ENTRIES SHOWN -
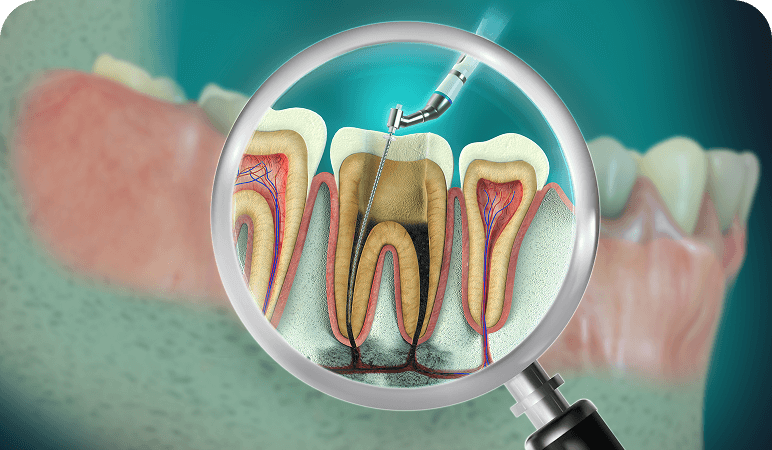 Tooth anatomy with root canal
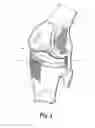 Fig. 02 - External bone anchor system for joint replacement implants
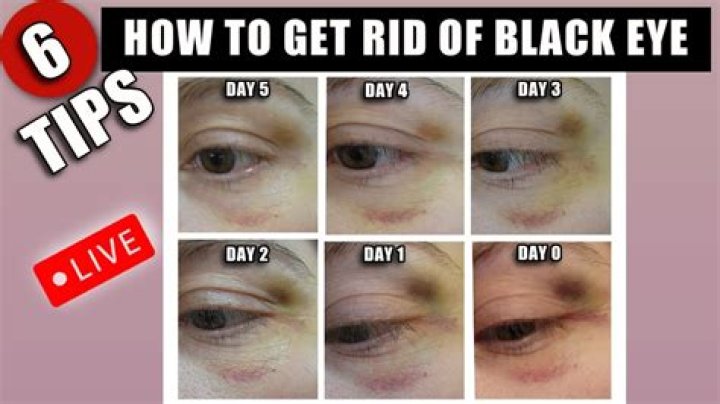 Heather Morris' Black Eye Pics!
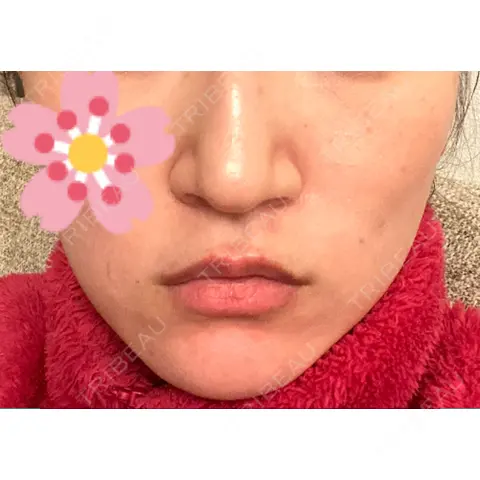 ボトックス（口角） / ボトックス（人中） S-Laboクリニック 渋谷院 DAY 0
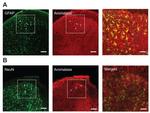 GFAP Antibody in Immunohistochemistry (IHC)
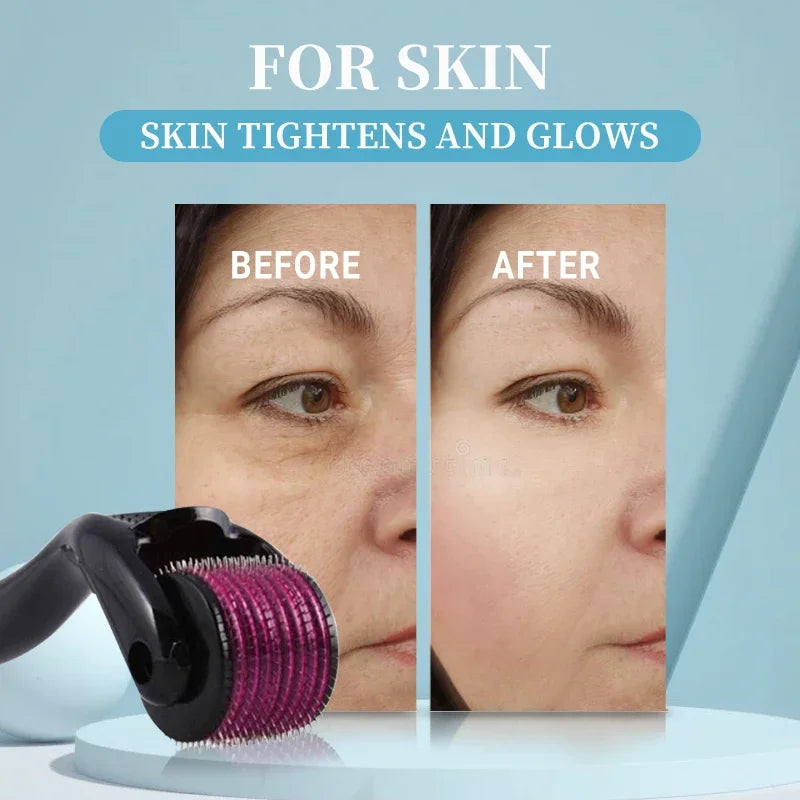 1PC Skin Care Beauty Lifting Contouring Tool 540 Roller 0.3mm Face Massager Facial Roller Improve skin Reduce Acne Beauty Tools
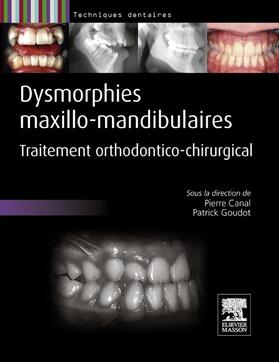 Canal / Goudot |  Dysmorphies maxillo-mandibulaires | eBook | Sack Fachmedien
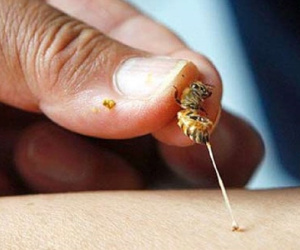Chọc phá tổ ong, bé trai 5 tuổi suy đa phủ tạng nguy kịch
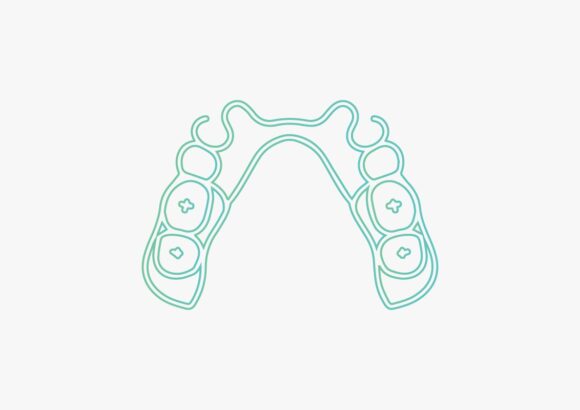 9. RPD Removable Partial Denture RPDS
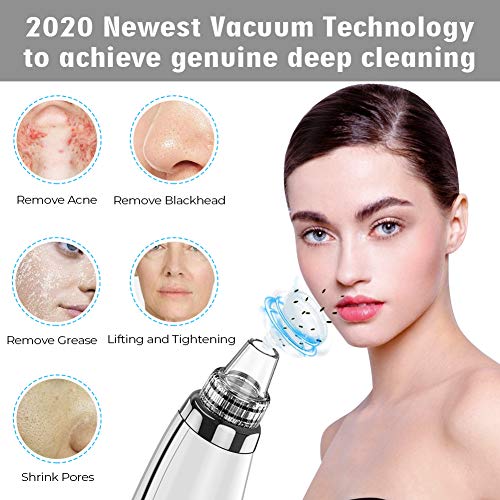Blackhead Remover Vacuum with 5 Adjustable Suction Levels
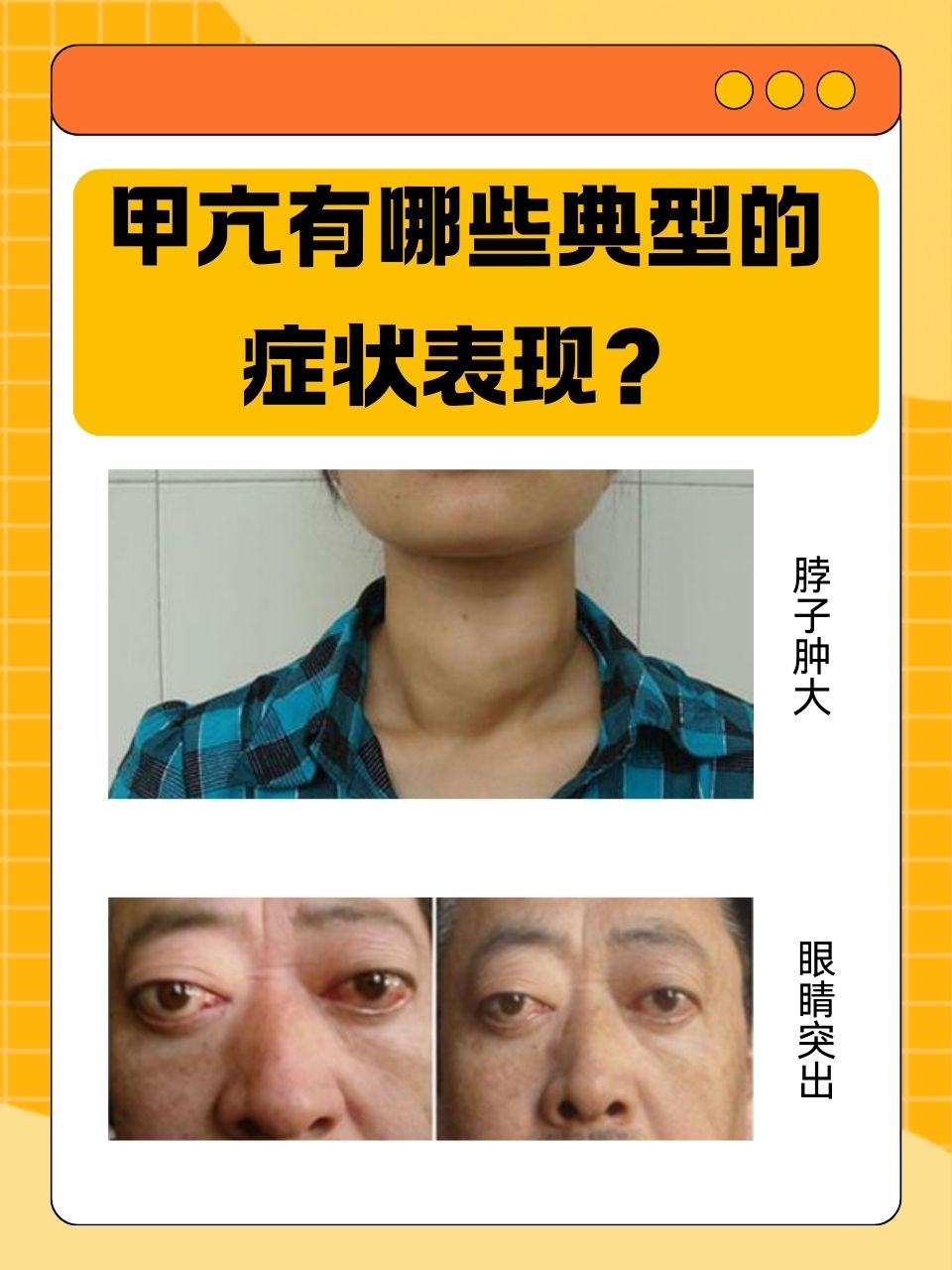 甲亢治疗方式的优缺点?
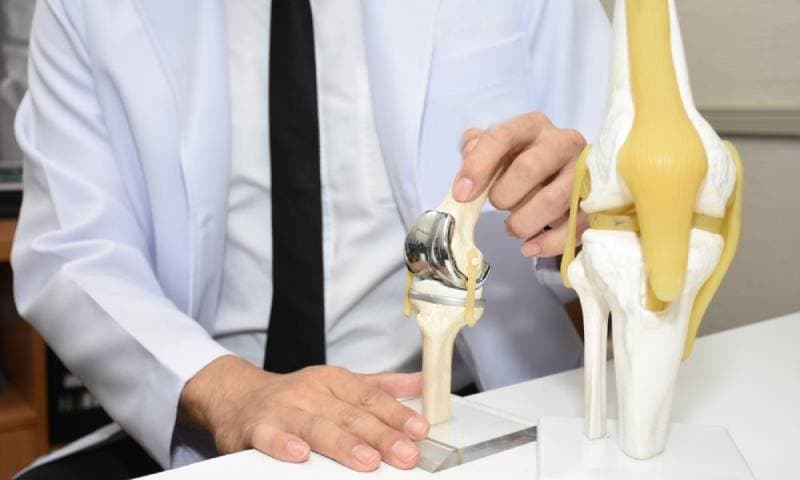 استبدال مفصل الركبة: دليل شامل للعملية وفوائدها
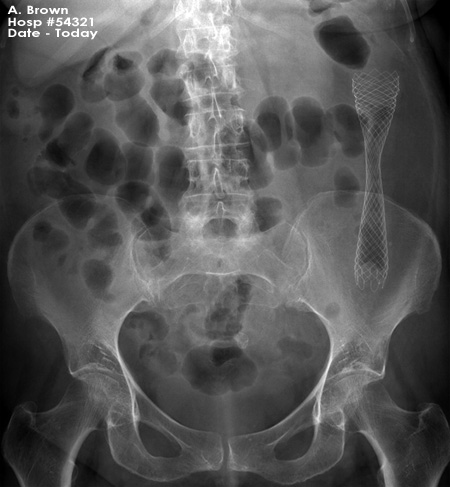 abdominal OSCE 1 image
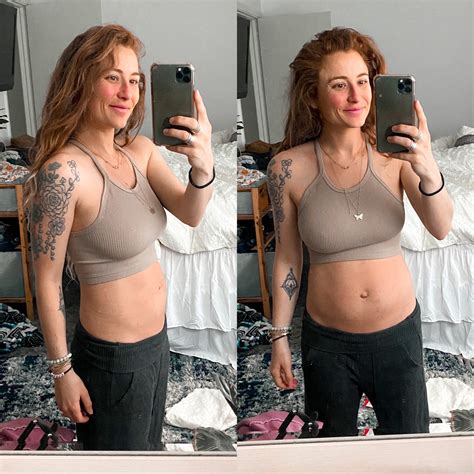 C-section Scar Progress (1st & 2nd) – Move With Truelove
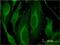 Leucine Rich Repeat Kinase 1 antibody, H00079705-M03, Novus Biologicals, Immunofluorescence image 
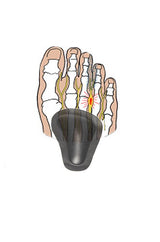 Selvklebende puter for innsunkne forfotbuer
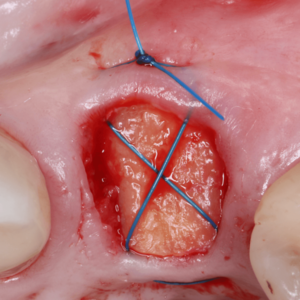 [Translate to Deutsch:] 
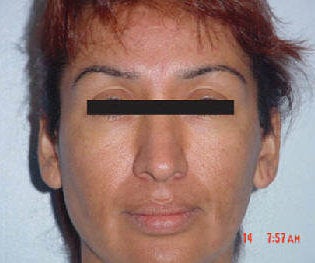 Rhinoplasty before 172983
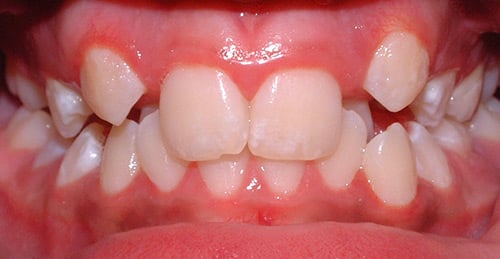 Before Treatment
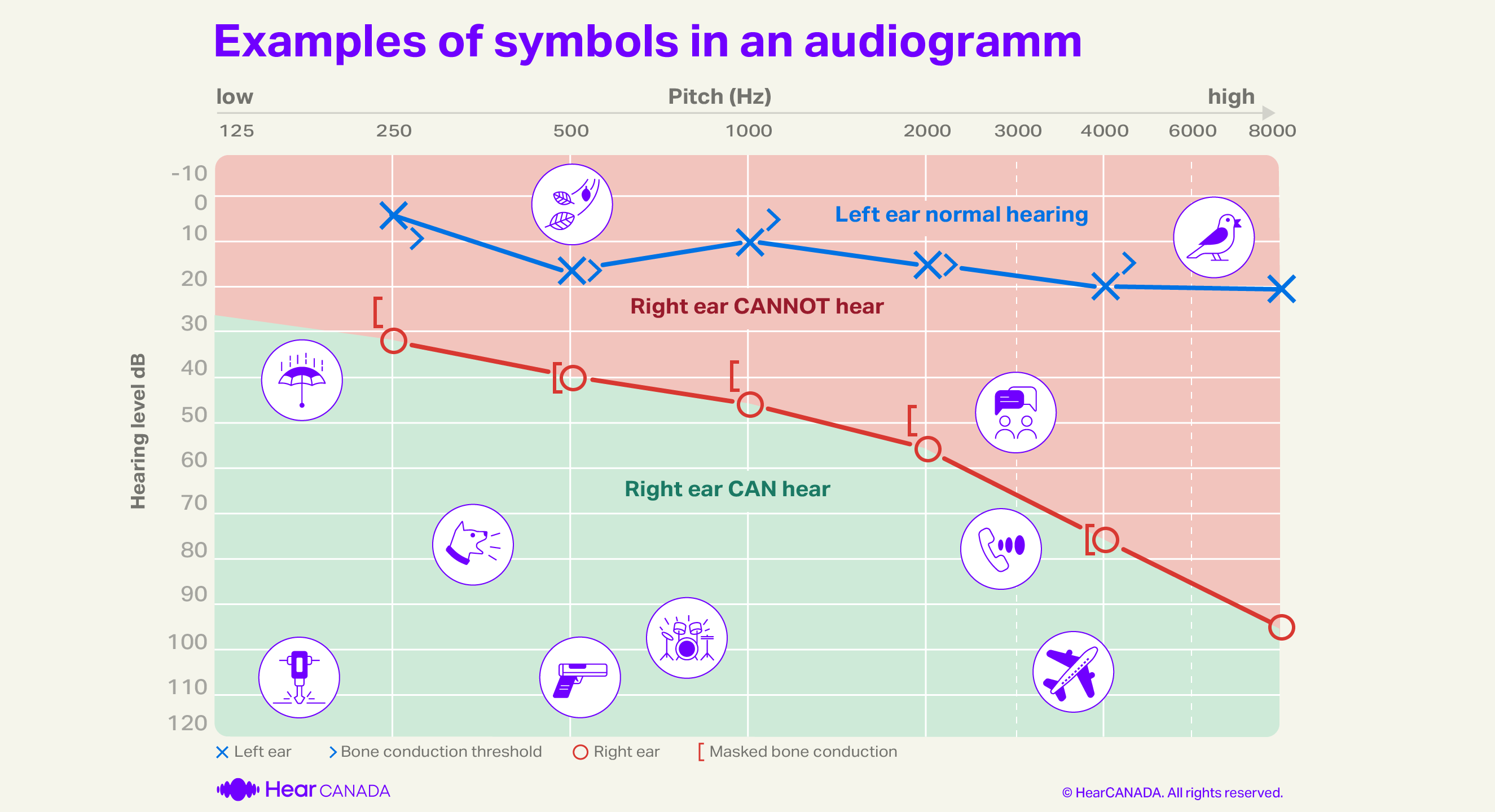 Example of symbols audiograms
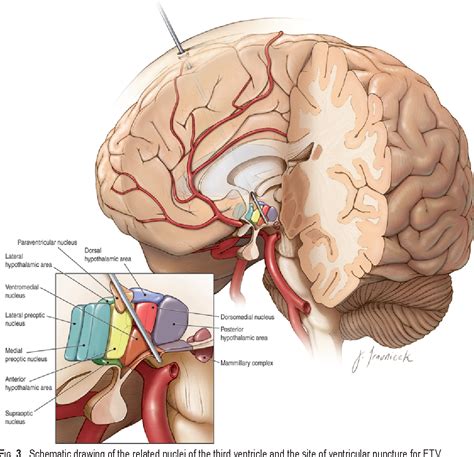 Third Ventricle Anatomy - Anatomical Charts & Posters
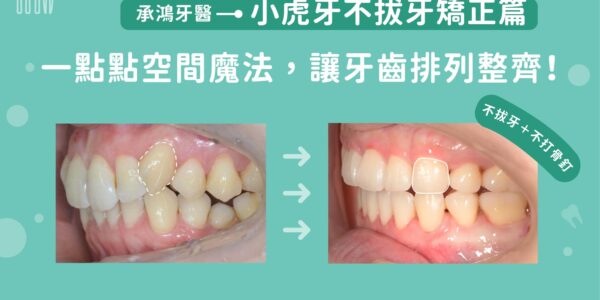 小虎牙不拔牙矯正：一點點空間魔法，讓牙齒排列整齊 5 (3)
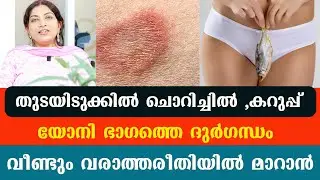 തു.ടയിടുക്കിൽ ചൊറിച്ചിൽ ,കറുപ്പ് ,യോ.നി ഭാഗത്തെ ദുർഗന്ധം വീണ്ടും വരാത്തരീതിയിൽ മാറാൻ / Dr Thrishna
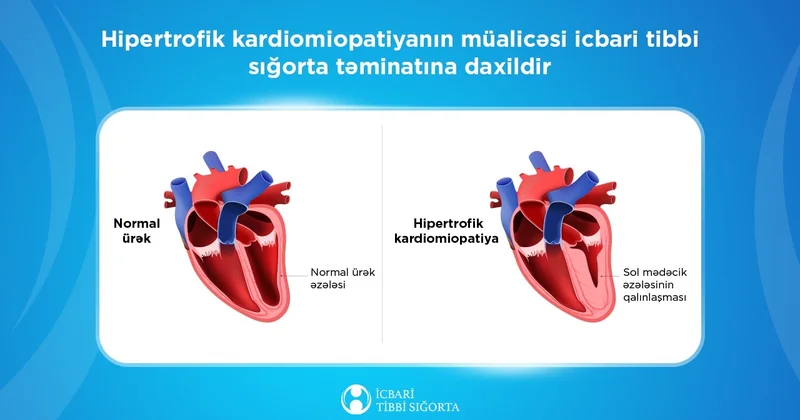 Hipertrofik kardiomiopatiyanın müalicəsi icbari tibbi sığorta təminatına daxildir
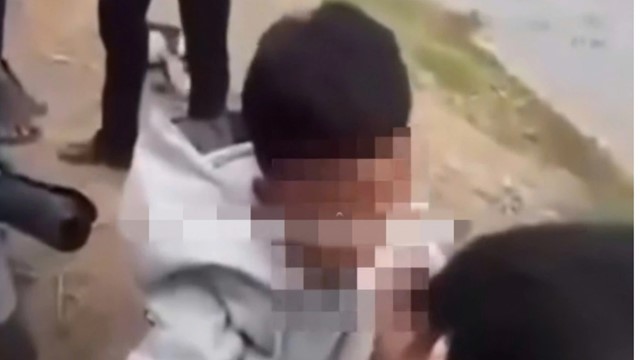 Sở Giáo dục chỉ đạo làm rõ vụ nam sinh lớp 10 bị nhét băng vệ sinh vào miệng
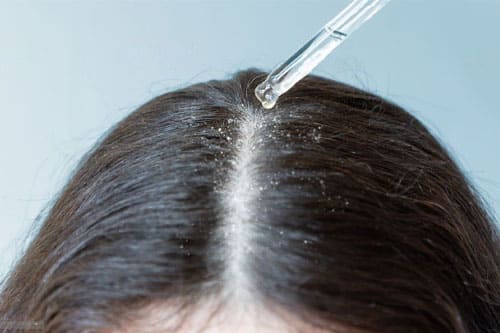 Dandruff Therapy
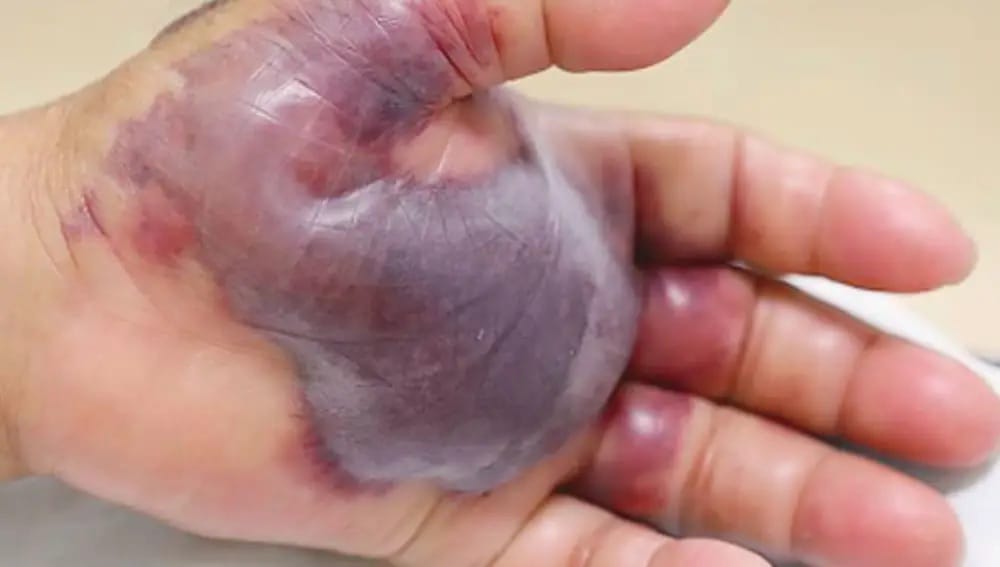 Mão com grande área da palma e dos dedos com pele arroxeada e bolhas, sinal de infecção bacteriana grave em tecido mole (imagem ilustrativa)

WHAT IS EXPECTED -
Ending at the line with "Example of symbols audiograms", reproduce exactly the lines that begin at the top of the data, and include no pictures.

FINAL ANSWER -
 Tooth anatomy with root canal
 Fig. 02 - External bone anchor system for joint replacement implants
 Heather Morris' Black Eye Pics!
 ボトックス（口角） / ボトックス（人中） S-Laboクリニック 渋谷院 DAY 0
 GFAP Antibody in Immunohistochemistry (IHC)
 1PC Skin Care Beauty Lifting Contouring Tool 540 Roller 0.3mm Face Massager Facial Roller Improve skin Reduce Acne Beauty Tools
 Canal / Goudot |  Dysmorphies maxillo-mandibulaires | eBook | Sack Fachmedien
Chọc phá tổ ong, bé trai 5 tuổi suy đa phủ tạng nguy kịch
 9. RPD Removable Partial Denture RPDS
Blackhead Remover Vacuum with 5 Adjustable Suction Levels
 甲亢治疗方式的优缺点?
 استبدال مفصل الركبة: دليل شامل للعملية وفوائدها
 abdominal OSCE 1 image
 C-section Scar Progress (1st & 2nd) – Move With Truelove
 Leucine Rich Repeat Kinase 1 antibody, H00079705-M03, Novus Biologicals, Immunofluorescence image 
 Selvklebende puter for innsunkne forfotbuer
 [Translate to Deutsch:] 
 Rhinoplasty before 172983
 Before Treatment
 Example of symbols audiograms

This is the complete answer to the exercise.